First, let’s examine the significance of the Iowa straw poll. The people who vote in early polls like this represent the radical fringes of the Republican party, and it should be remembered that these
polls are not at all indicative of a candidate’s actual performance in the primaries. For comparison’s sake, in 2007, John McCain placed tenth in this very same poll. However, the Iowa straw poll is useful in that it generates media attention and speculation, and therefore also generates valuable fundraising for the candidates who perform well.
In light of the relative triviality of this poll, some might find Pawlenty’s withdrawal from the race surprising, but in truth, this news was a long time coming. Pawlenty’s presidential campaign never
really got off the ground, and his candidacy was further hampered by the similarities he shared with Bachmann. Both candidates hail from Minnesota, are proud standard-bearers for the Tea Party, and have analogous platforms. Pawlenty’s name recognition nationwide pales in comparison to Bachmann, and once she declared her candidacy, Pawlenty never stood a chance.
What does Rick Perry’s official candidacy mean for the Republican field? Like Pawlenty’s withdrawal, Perry’s declaration of candidacy was a long time coming. The Texas governor has increasingly gained prominence on the national stage, most recently with his pro-death penalty stance and refusal to endorse the debt ceiling deal. In comparison to Romney, Perry is not afraid to mince his words, and his credibility as governor makes him Romney’s biggest threat.
Looking ahead to the final race, it’s clear that the economy will be the biggest (and potentially deciding) issue for most American voters. In that respect, Obama’s weakness is Perry’s biggest strength.

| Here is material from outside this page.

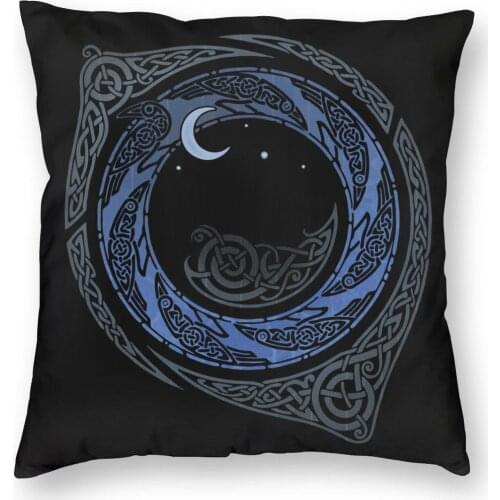 Moonlight Roundelay Vikings Valhalla Odin Pillowcover Decoration Cushion Cover Throw Pillow for Sofa Double-sided Printing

On the campaign trail, the Texas governor frequently cites his impressive record of job creation. Perry’s biggest weakness will be the inevitable comparisons to former Texas governor and President George W. Bush, but if he can overcome that in the months leading up to the Republican primary, Perry remains a strong contender.
Finally, let’s examine the field overall. Even if Newt Gingrich can withstand the turmoil within his own campaign, the damage has been done, and a Gingrich victory is a long shot. Ron Paul continues to be a perennial cult hero, but until he is taken seriously by the mainstream media, he will never become more than a Texas congressman. After the Iowa poll, Rick Santorum, Jon Huntsman, and Herman Cain are barely afterthoughts. It’s possible that these candidates could turn their campaigns around and become serious contenders, but at this point, that seems unlikely. In the meantime, the
Republican field has a top three: Mitt Romney, Michele Bachmann, and Rick Perry.